The issue is easiest to hit with model-internal tools such as google_search: the evaluator currently tells the judge to trust only function tool_response values, but those raw search results may not appear as normal function tool responses. ADK events can still carry grounding metadata, so this patch preserves that metadata in eval invocation events and serializes it into the judge prompt as trusted evidence.

Final answer text is still not treated as evidence.

Fixes #5831.

To verify

python -m py_compile src/google/adk/evaluation/eval_case.py src/google/adk/evaluation/evaluation_generator.py src/google/adk/evaluation/llm_as_judge_utils.py src/google/adk/evaluation/rubric_based_final_response_quality_v1.py tests/unittests/evaluation/test_evaluation_generator.py tests/unittests/evaluation/test_llm_as_judge_utils.py tests/unittests/evaluation/test_rubric_based_final_response_quality_v1.py
.venv\Scripts\python.exe -m pyink --check src\google\adk\evaluation\eval_case.py src\google\adk\evaluation\evaluation_generator.py src\google\adk\evaluation\llm_as_judge_utils.py src\google\adk\evaluation\rubric_based_final_response_quality_v1.py tests\unittests\evaluation\test_evaluation_generator.py tests\unittests\evaluation\test_llm_as_judge_utils.py tests\unittests\evaluation\test_rubric_based_final_response_quality_v1.py
.venv\Scripts\python.exe -m isort --check-only src\google\adk\evaluation\eval_case.py src\google\adk\evaluation\evaluation_generator.py src\google\adk\evaluation\llm_as_judge_utils.py src\google\adk\evaluation\rubric_based_final_response_quality_v1.py tests\unittests\evaluation\test_evaluation_generator.py tests\unittests\evaluation\test_llm_as_judge_utils.py tests\unittests\evaluation\test_rubric_based_final_response_quality_v1.py
.venv\Scripts\python.exe -m pytest tests\unittests\evaluation\test_eval_case.py tests\unittests\evaluation\test_llm_as_judge_utils.py tests\unittests\evaluation\test_rubric_based_final_response_quality_v1.py tests\unittests\evaluation\test_evaluation_generator.py -q
git diff --check

I also ran targeted pylint on the touched files.
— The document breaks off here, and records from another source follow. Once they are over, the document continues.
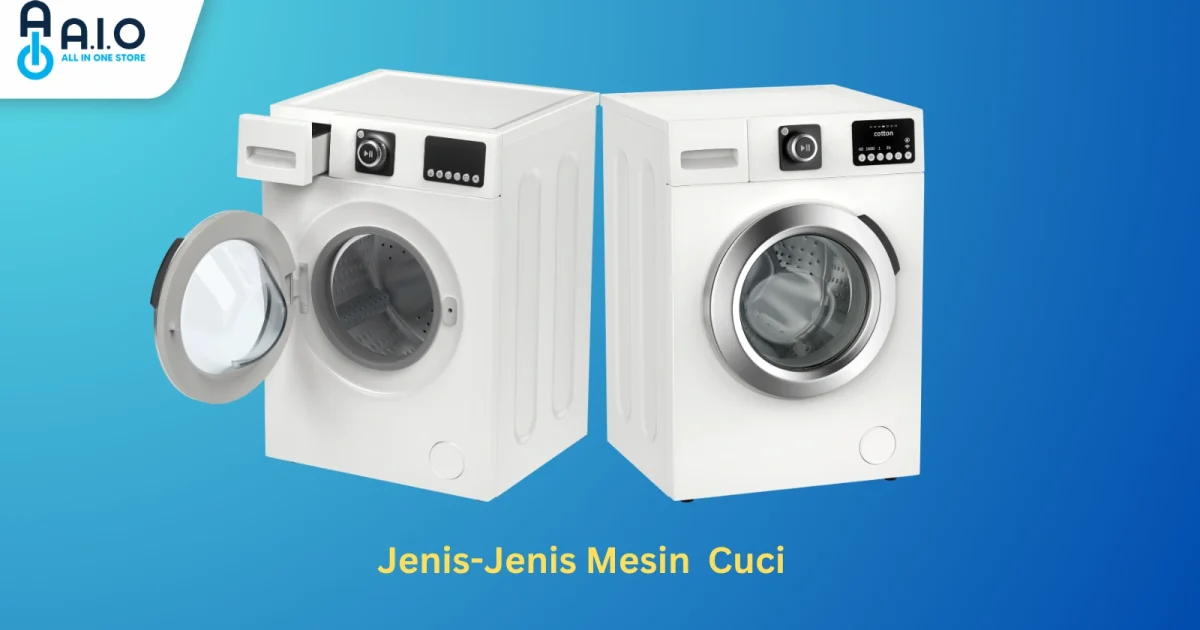 Jenis-Jenis Mesin Cuci
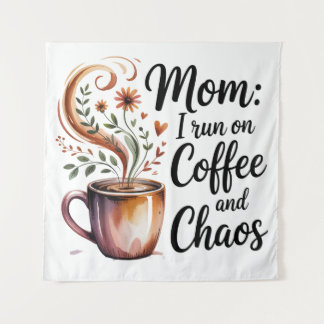 Tenture Mom I Run On Coffee And Chaos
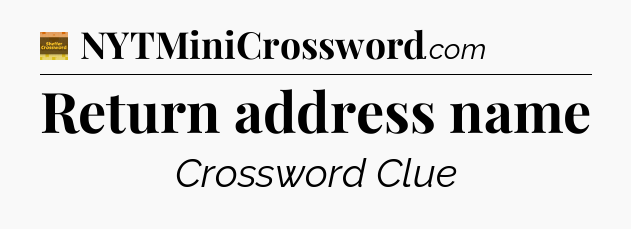 Return address name - Eugene Sheffer Crossword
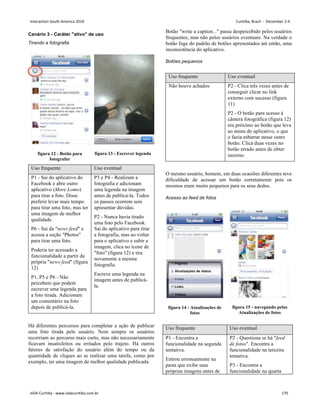 Cenário 3 - Caráter ativo de uso
Tirando a fotografia
figura 12 - Botão para
fotografar
figura 13 - Escrever legenda
Uso frequente Uso eventual
P1 - Sai do aplicativo do
Facebook e abre outro
aplicativo (More Lomo)
para tirar a foto. Disse
preferir levar mais tempo
para tirar uma foto, mas ter
uma imagem de melhor
qualidade.
P6 - Sai da news feed e
acessa a seção Photos
para tirar uma foto.
Poderia ter acessado a
funcionalidade a partir da
própria news feed (figura
12)
P1, P5 e P6 - Não
percebem que podem
escrever uma legenda para
a foto tirada. Adicionam
um comentário na foto
depois de publicá-la.
P3 e P4 - Realizam a
fotografia e adicionam
uma legenda na imagem
antes de publicá-la. Todos
os passos ocorrem sem
apresentar dúvidas.
P2 - Nunca havia tirado
uma foto pelo Facebook.
Sai do aplicativo para tirar
a fotografia, mas ao voltar
para o aplicativo e subir a
imagem, clica no ícone de
foto (figura 12) e tira
novamente a mesma
fotografia.
Escreve uma legenda na
imagem antes de publicá-
la.
Há diferentes percursos para completar a ação de publicar
uma foto tirada pelo usuário. Nem sempre os usuários
recorriam ao percurso mais curto, mas não necessariamente
ficavam insatisfeitos ou irritados pelo trajeto. Há outros
fatores de satisfação do usuário além do tempo ou da
quantidade de cliques ao se realizar uma tarefa, como por
exemplo, ter uma imagem de melhor qualidade publicada.
Botão write a caption... passa despercebido pelos usuários
frequentes, mas não pelos usuários eventuais. Na verdade o
botão foge do padrão de botões apresentados até então, uma
inconsistência do aplicativo.
Botões pequenos
Uso frequente Uso eventual
Não houve achados P2 - Clica três vezes antes de
conseguir clicar no link
externo com sucesso (figura
11)
P2 - O botão para acesso à
câmera fotográfica (figura 12)
era próximo ao botão que leva
ao menu do aplicativo, o que
o fazia esbarrar nesse outro
botão. Clica duas vezes no
botão errado antes de obter
sucesso.
O mesmo usuário, homem, em duas ocasiões diferentes teve
dificuldade de acessar um botão corretamente pois os
mesmos eram muito pequenos para os seus dedos.
Acesso ao feed de fotos
figura 14 - Atualizações de
fotos
figura 15 - navegando pelas
Atualizações de fotos
Uso frequente Uso eventual
P1 - Encontra a
funcionalidade na segunda
tentativa.
Entrou erroneamente na
pasta que exibe suas
próprias imagens antes de
P2 - Questiona se há feed
de fotos. Encontra a
funcionalidade na terceira
tentativa.
P3 - Encontra a
funcionalidade na quarta
Interaction South America 2010 Curitiba, Brazil - December 2-4
IxDA Curitiba - www.ixdacuritiba.com.br 170
 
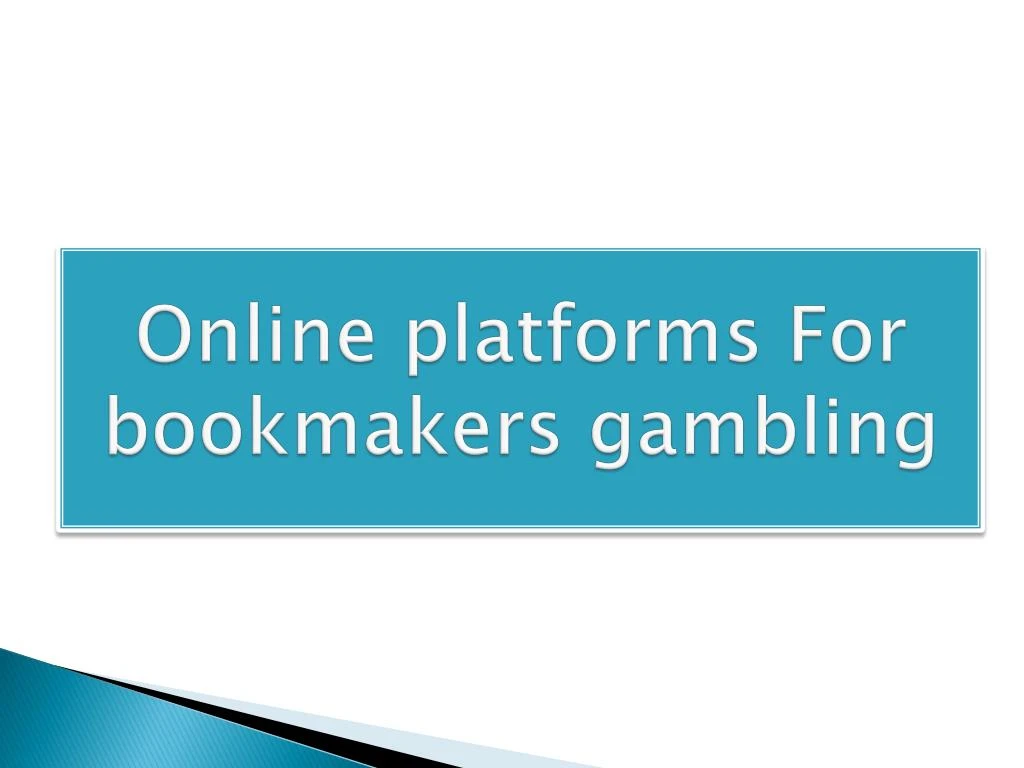 online platforms for bookmakers gambling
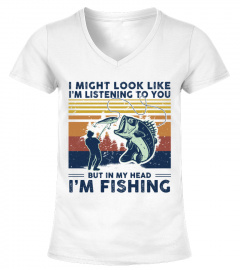 I might look like fishing t-shirt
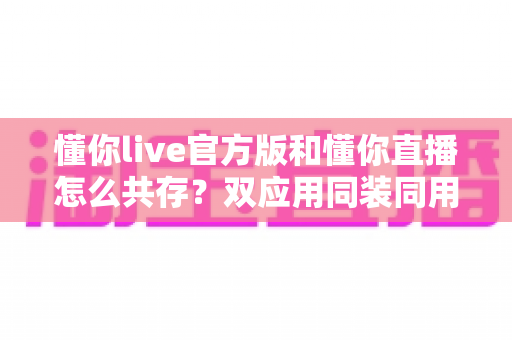 懂你live官方版和懂你直播怎么共存？双应用同装同用的完整实操指南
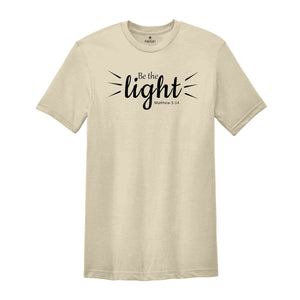 Be The Light Shirt, Matthew 5:14 Shirt, Religious Shirt, Pray Shirt, Bible Verse Shirt, Faith Sweatshirt, Church T-Shirt, Jesus Shirt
It still reports existing module-wide style warnings in these evaluation tests/modules, but no unused-import or grounding-metadata-specific issue remains.

ftnext

Thanks!❤️
#5831 (comment)

he-yufeng · 2026-05-27T09:07:12Z

Rebased onto current upstream/main and pushed a small follow-up for the CI typing failures. Current head is fa508ea.
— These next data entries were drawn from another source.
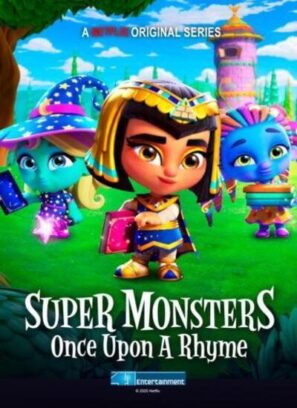 دانلود انیمیشن هیولا های فوق العاده Super Monsters: Once Upon a Rhyme 2021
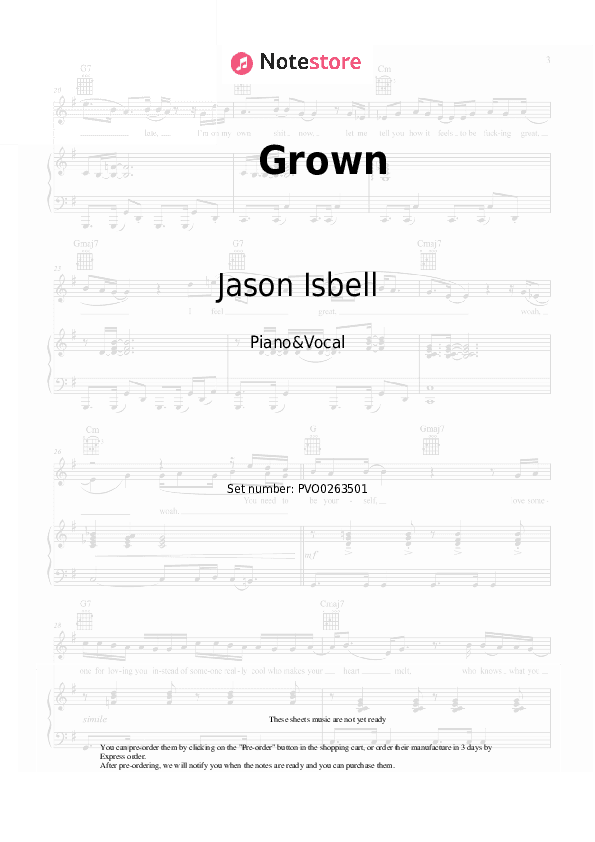 Grown - Jason Isbell Piano Sheet Music with the Voice part - Piano&Vocal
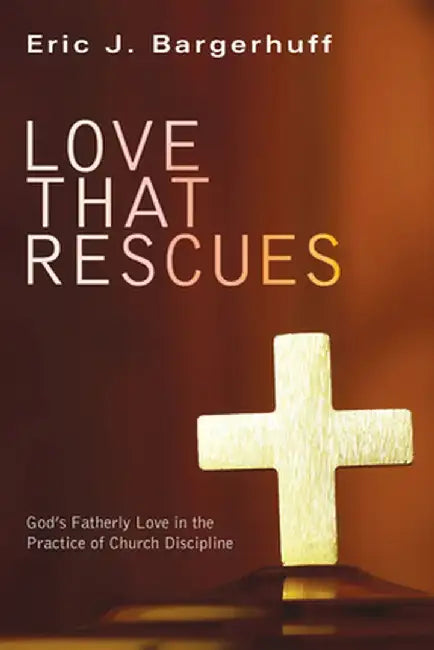 Love That Rescues by Eric J. Bargerhuff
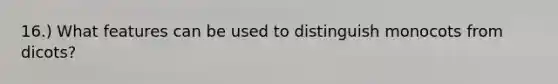 16.) What features can be used to distinguish monocots from dicots?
The follow-up fixes the two new mypy-diff errors from the previous run:

explicitly types the stored final event and event list before checking grounding metadata;
casts the new grounding metadata JSON serialization result back to str.

Validation on Windows:

uv run --no-sync pytest tests\unittests\evaluation\test_evaluation_generator.py tests\unittests\evaluation\test_llm_as_judge_utils.py tests\unittests\evaluation\test_rubric_based_final_response_quality_v1.py -q --basetemp .tmp\pytest-5834-20260527b -p no:cacheprovider -> 51 passed, 18 warnings
uv run --no-sync python -m py_compile src\google\adk\evaluation\eval_case.py src\google\adk\evaluation\evaluation_generator.py src\google\adk\evaluation\llm_as_judge_utils.py src\google\adk\evaluation\rubric_based_final_response_quality_v1.py tests\unittests\evaluation\test_evaluation_generator.py tests\unittests\evaluation\test_llm_as_judge_utils.py tests\unittests\evaluation\test_rubric_based_final_response_quality_v1.py
uv run --no-sync pyink --check src\google\adk\evaluation\eval_case.py src\google\adk\evaluation\evaluation_generator.py src\google\adk\evaluation\llm_as_judge_utils.py src\google\adk\evaluation\rubric_based_final_response_quality_v1.py tests\unittests\evaluation\test_evaluation_generator.py tests\unittests\evaluation\test_llm_as_judge_utils.py tests\unittests\evaluation\test_rubric_based_final_response_quality_v1.py
uv run --no-sync isort --check-only on the same files
git diff --check upstream/main...HEAD

A full local mypy run on these two modules still reports existing unrelated module-level errors, but the two new CI-diff errors are gone.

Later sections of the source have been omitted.